Material for this exercise:
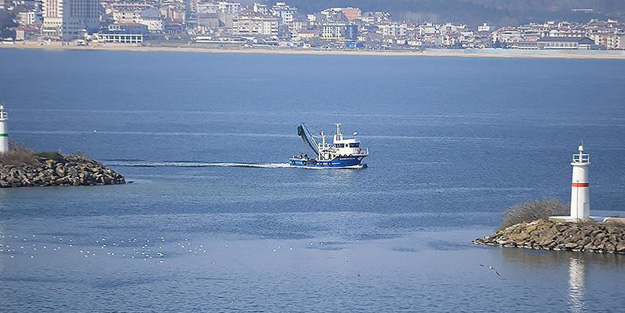 Gemi kaptanından Karadeniz’de mayın ihbarı!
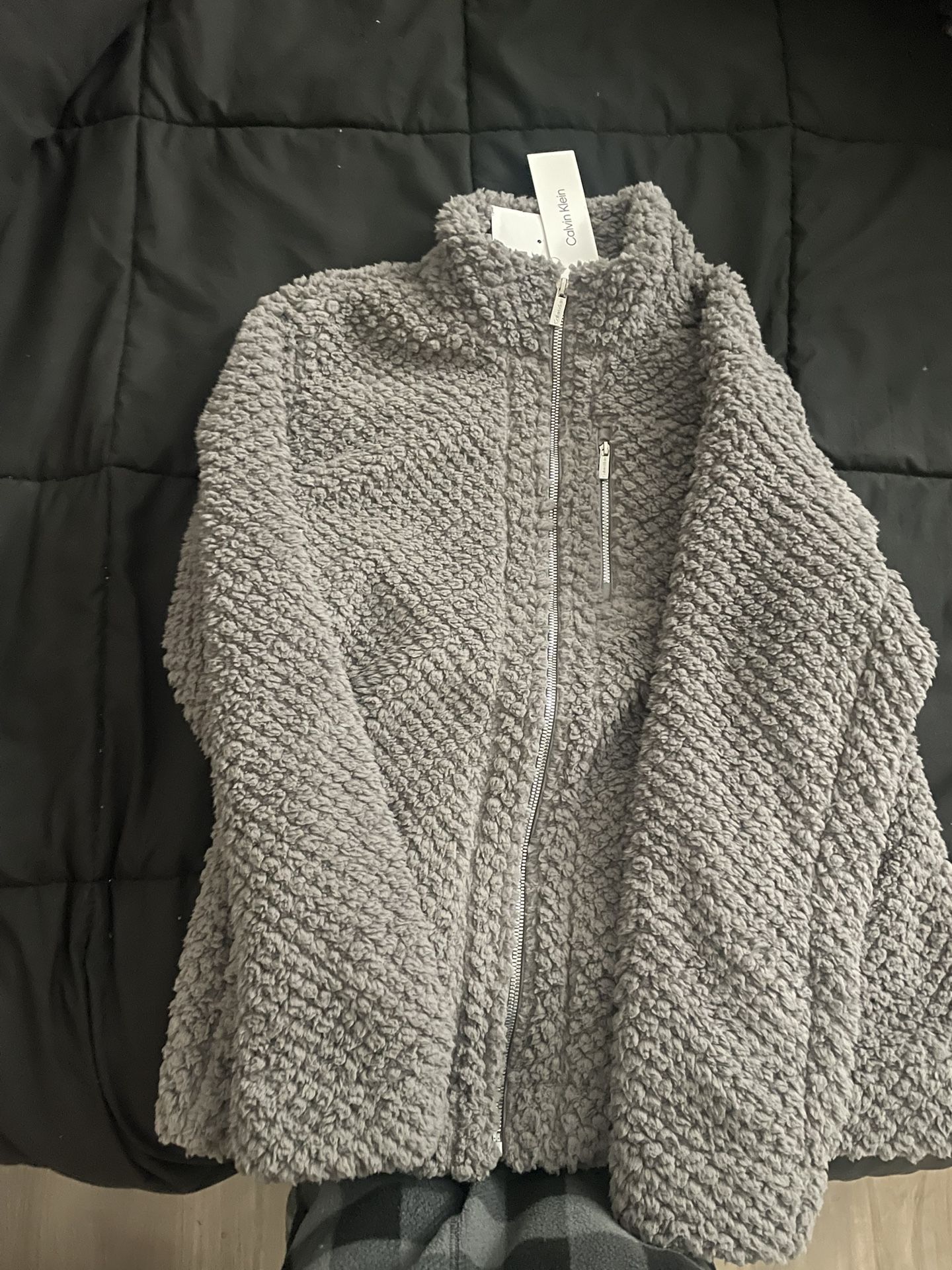 Calvin Klein Women's Gray Sherpa Fleece Jacket - Large 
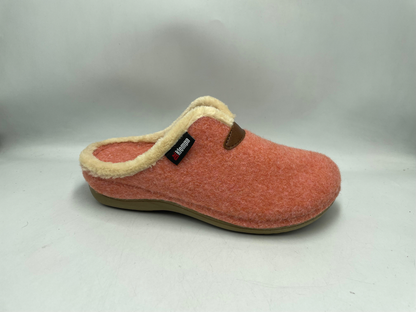 Women’s Winter Sabo Clogs — Warm, Comfortable & Wholesale-Ready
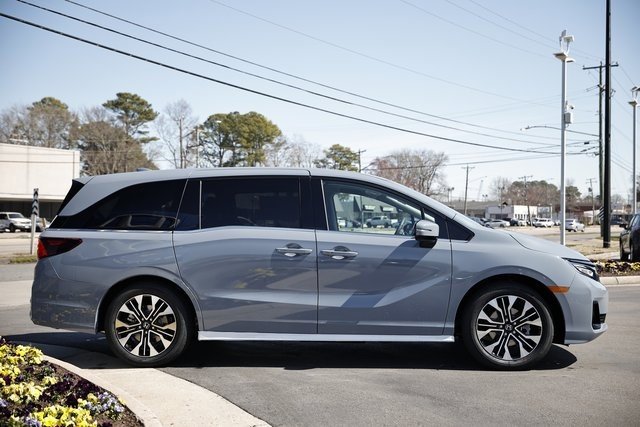 New 2026 Honda Odyssey Elite image 14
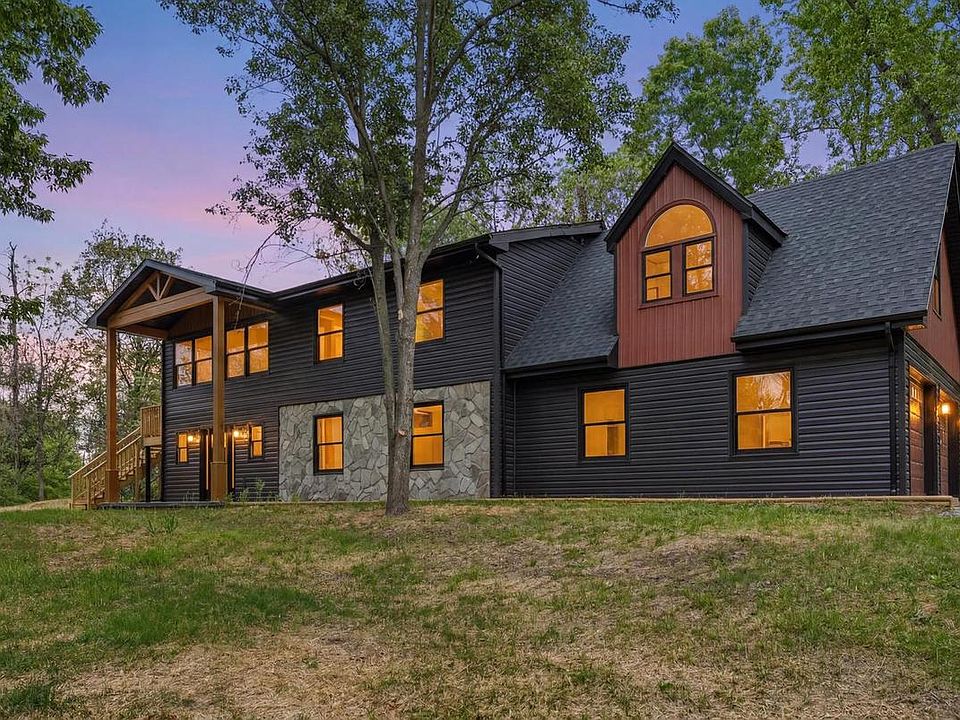 1st image of 603 Persimmon Ln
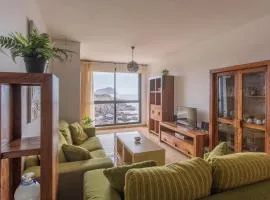 El Mirador: sea views from the shore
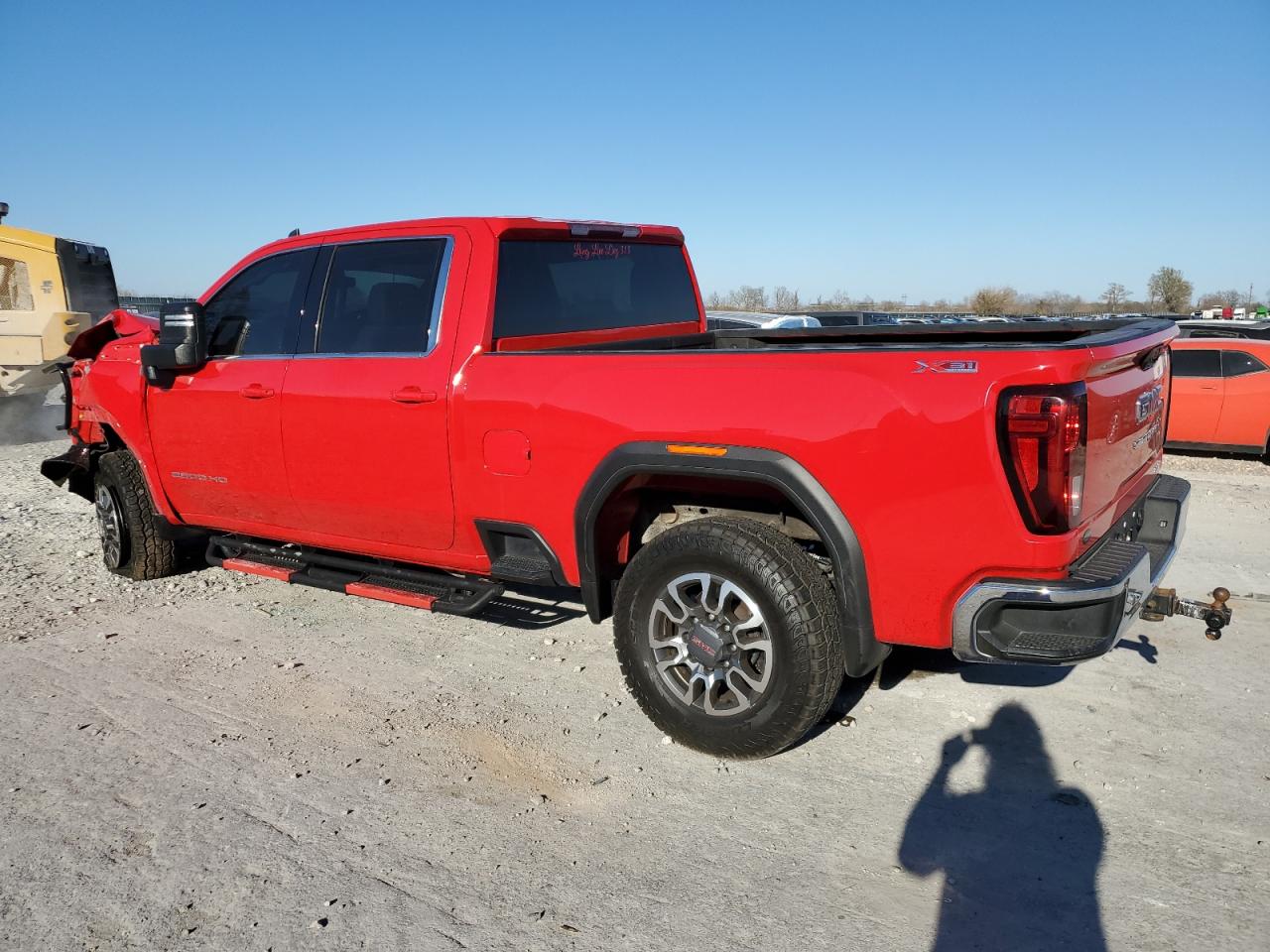 2022 GMC SIERRA K2500 SLE VIN:1GT49ME78NF223380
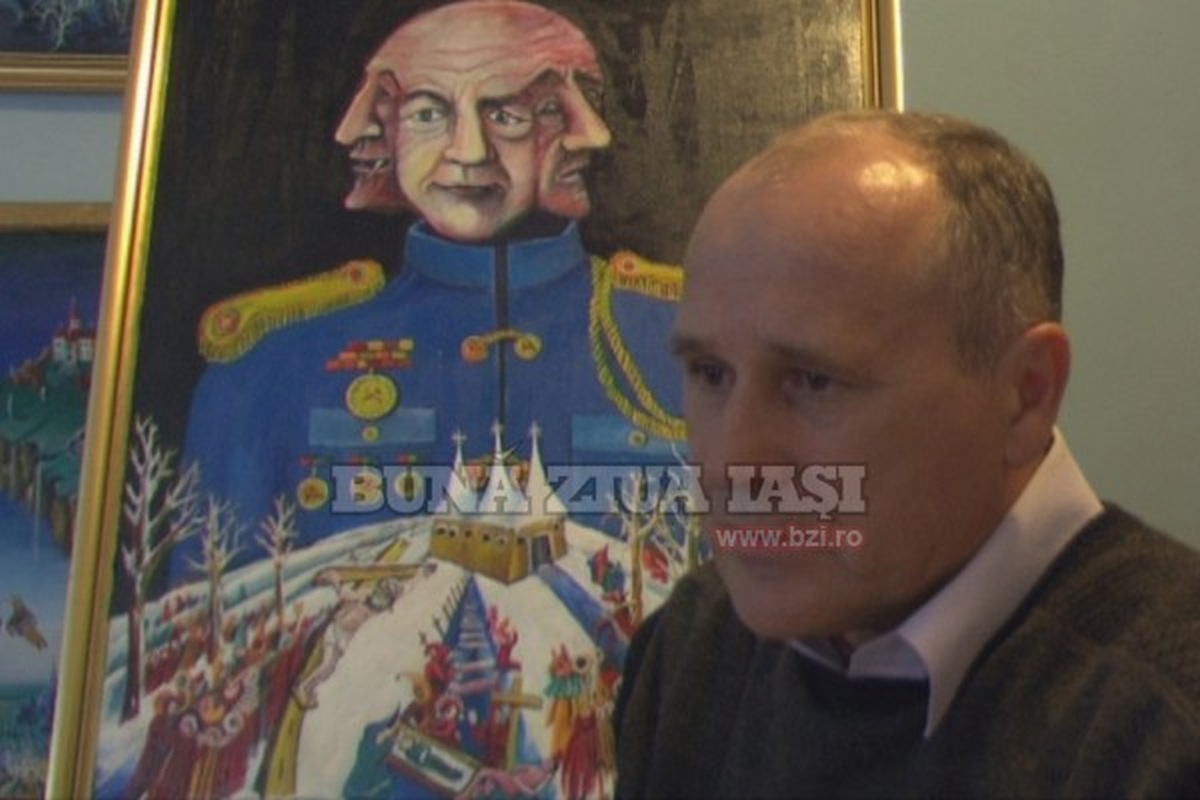 Calistrat Robu, artistul care l-a băgat pe Traian Băsescu în coșciug, l-a pus pe Iohannis pe „căcăstoare” și a imortalizat-o fără menajamente pe Elena Udrea, într-o expoziție specială la Palatul Culturii din Iași – GALERIE FOTO, VIDEO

Goal of the exercise:
Your output should consist solely of the lines from the line containing "2022 GMC SIERRA" through the end of the data above, copied exactly, with images removed.

Task answer:
 2022 GMC SIERRA K2500 SLE VIN:1GT49ME78NF223380
 Calistrat Robu, artistul care l-a băgat pe Traian Băsescu în coșciug, l-a pus pe Iohannis pe „căcăstoare” și a imortalizat-o fără menajamente pe Elena Udrea, într-o expoziție specială la Palatul Culturii din Iași – GALERIE FOTO, VIDEO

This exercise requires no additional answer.